WHAT WE HATE is when the lady we're treating asks “how much it was?”...”I want to know so I can leave the tip” What the fuck is this? What kind of 15% Jedi Mind Trick is this? I consider myself a pretty intelligent dude and for the life of me I can't figure out why women don't understand that we hate this. I know what they are trying to do...they are trying to let us know that they appreciate the meal, and they are trying to get rid of the guilt of not asking to go DUTCH, so they think “putting something on it” will be sufficient. They don't understand it's insulting to us.

We asked you out. Obviously we can afford to pay for the meal. If the TIP is going to be the “tipping point” why invite someone out? When a man buys flowers or chocolates you don't ask the total so you can pay 15% …..so why a meal? And by the way... paying the tip isn't even paying for a portion of the meal. You're not really giving me anything back for your portion of the meal.. What you're doing is paying the stranger that brought out the food. So let me get this straight... I invite you out. I show you a nice time. I pay for the food/drinks etc.... and you give money to the help...to show ME your appreciation. Seriously...how do you not know that this is a terrible idea?

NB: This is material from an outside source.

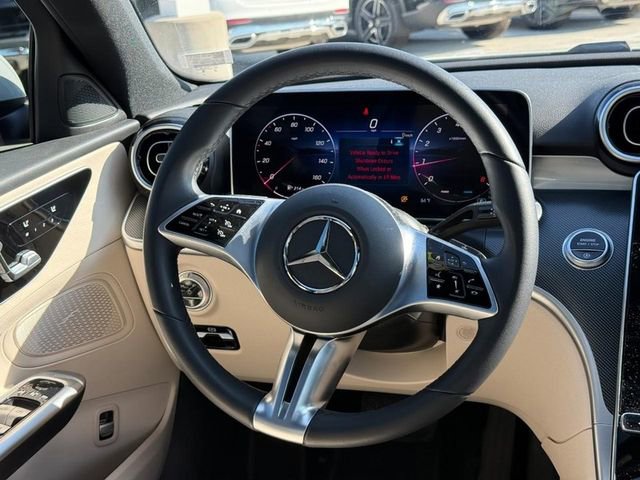 Certified 2025 Mercedes-Benz C 300 4MATIC Sedan image 14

When men get together and share a meal NO ONE SAYS I'll get the TIP.... and when WOMEN get together NO ONE SAYS I'll get the TIP.

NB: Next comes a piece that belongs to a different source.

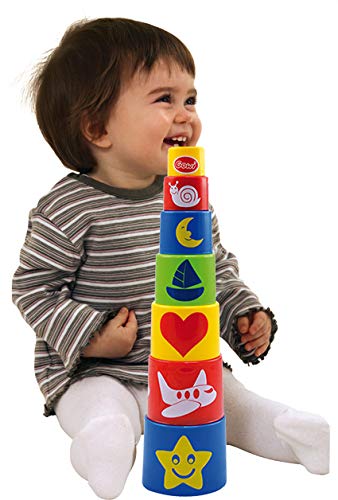 gowi-bio-pyramide-453-07-stapelbecher-7-teilig-bunt image 3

Look... I know it's hard. You want to be treated well. You don't always want to go DUTCH, and yet in still you don't want to give men the wrong impression. I get it. So here's what you do. I call this the 20% rule. If you spend time with a generous person that picks up the tab regularly EVERY 5th outing take care of the bill. Or invite him out for coffee or a movie and tell him you're treating...Also pay attention. The guy isn't going to offer to pay the tip...Which should be the greatest indicator that you never should either.